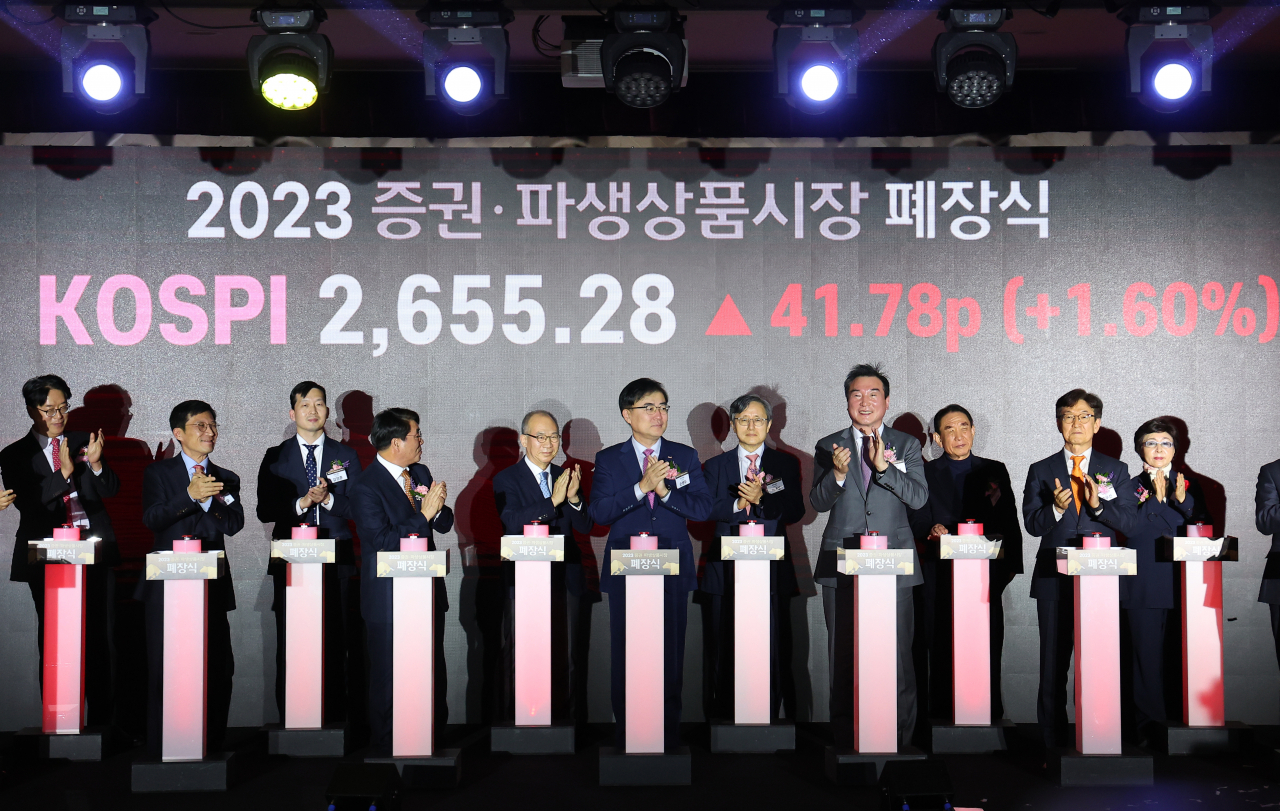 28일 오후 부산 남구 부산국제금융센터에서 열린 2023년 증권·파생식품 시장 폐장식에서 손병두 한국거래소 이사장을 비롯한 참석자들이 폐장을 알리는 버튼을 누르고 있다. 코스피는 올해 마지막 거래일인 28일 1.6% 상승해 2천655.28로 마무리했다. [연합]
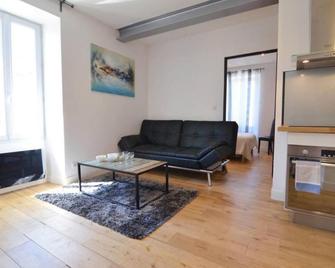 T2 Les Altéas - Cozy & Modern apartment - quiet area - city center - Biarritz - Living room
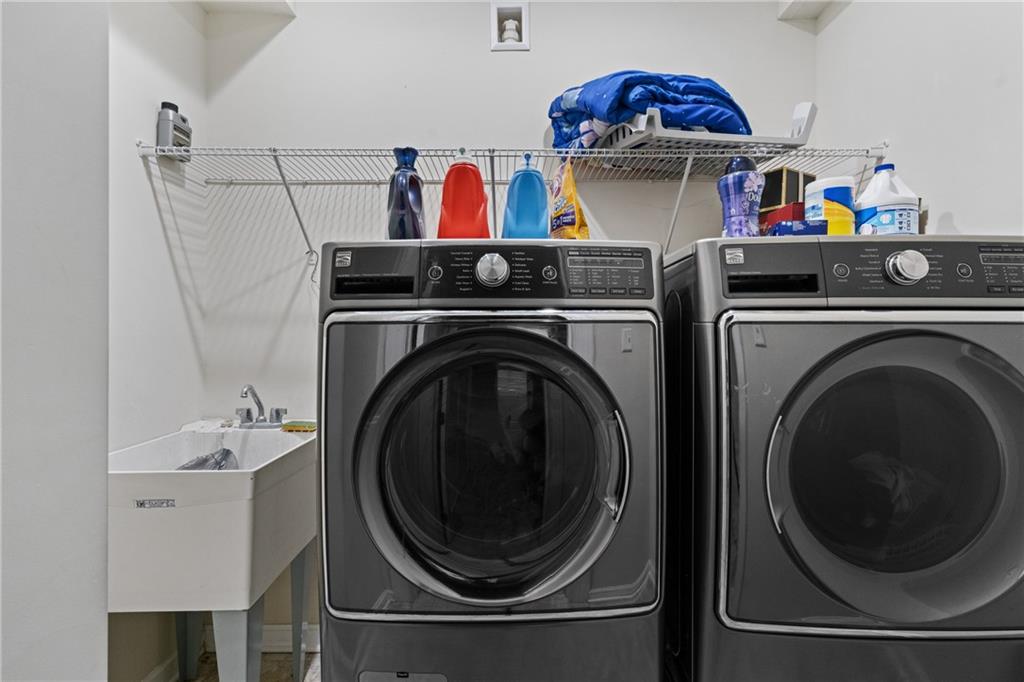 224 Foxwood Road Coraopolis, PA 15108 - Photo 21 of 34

- TASK ITEM -
Copy every line above exactly, leaving no picture in the copy.

- WRITTEN SOLUTION -
 28일 오후 부산 남구 부산국제금융센터에서 열린 2023년 증권·파생식품 시장 폐장식에서 손병두 한국거래소 이사장을 비롯한 참석자들이 폐장을 알리는 버튼을 누르고 있다. 코스피는 올해 마지막 거래일인 28일 1.6% 상승해 2천655.28로 마무리했다. [연합]
 T2 Les Altéas - Cozy & Modern apartment - quiet area - city center - Biarritz - Living room
 224 Foxwood Road Coraopolis, PA 15108 - Photo 21 of 34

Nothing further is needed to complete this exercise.